Schwarzer, Leon (TU Dortmund), Zeller, Matthias (CARIAD SE), Casado Herraez, Daniel (CARIAD & University of Bonn), Dierl, Simon (TU Dortmund University), Heidingsfeld, Michael (CARIAD SE), Stachniss, Cyrill (Bonn University)

Self-Supervised Moving Object Segmentation of Sparse and Noisy Radar Point Clouds

Scheduled for presentation during the Regular Session "S07b-Smart Infrastructure and Data-Driven Sensing for Intelligent Mobility" (WE-EA-T7), Wednesday, November 19, 2025, 14:50−15:30, Coolangata 1

2025 IEEE 28th International Conference on Intelligent Transportation Systems (ITSC), November 18-21, 2025, Gold Coast, Australia

This information is tentative and subject to change.
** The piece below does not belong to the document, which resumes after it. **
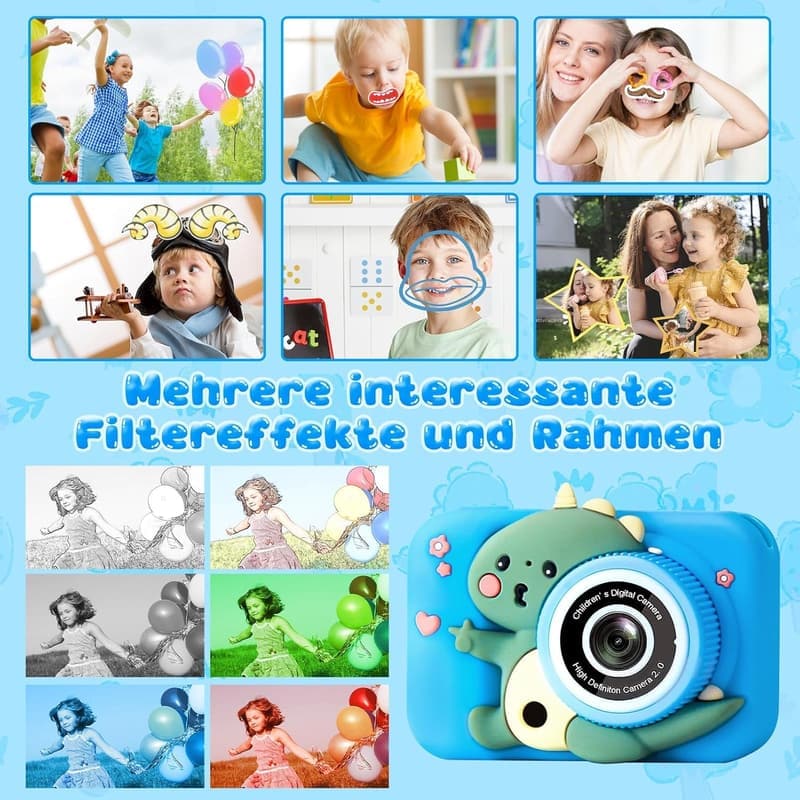 Kinderkamera mit 2,0 Zoll Bildschirm und 32GB SD-Karte für 3-12 Jahre, blau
Compiled on October 19, 2025

Abstract

Moving object segmentation is a crucial task for safe and reliable autonomous mobile systems like self-driving cars, improving the reliability and robustness of subsequent tasks like SLAM or path planning. While the segmentation of camera or LiDAR data is widely researched and achieves great results, it often introduces an increased latency by requiring the accumulation of temporal sequences to gain the necessary temporal context. Radar sensors overcome this problem with their ability to provide a direct measurement of a point's Doppler velocity, which can be exploited for single-scan moving object segmentation. However, radar point clouds are often sparse and noisy, making data annotation for use in supervised learning very tedious, time-consuming, and cost-intensive. To overcome this problem, we address the task of self-supervised moving object segmentation of sparse and noisy radar point clouds. We follow a two-step approach of contrastive self-supervised representation learning with subsequent supervised fine-tuning using limited amounts of annotated data. We propose a novel clustering-based contrastive loss function with cluster refinement based on dynamic points removal to pretrain the network to produce motion-aware representations of the radar data. Our method improves label efficiency after fine-tuning, effectively boosting state-of-the-art performance by self-supervised pretraining.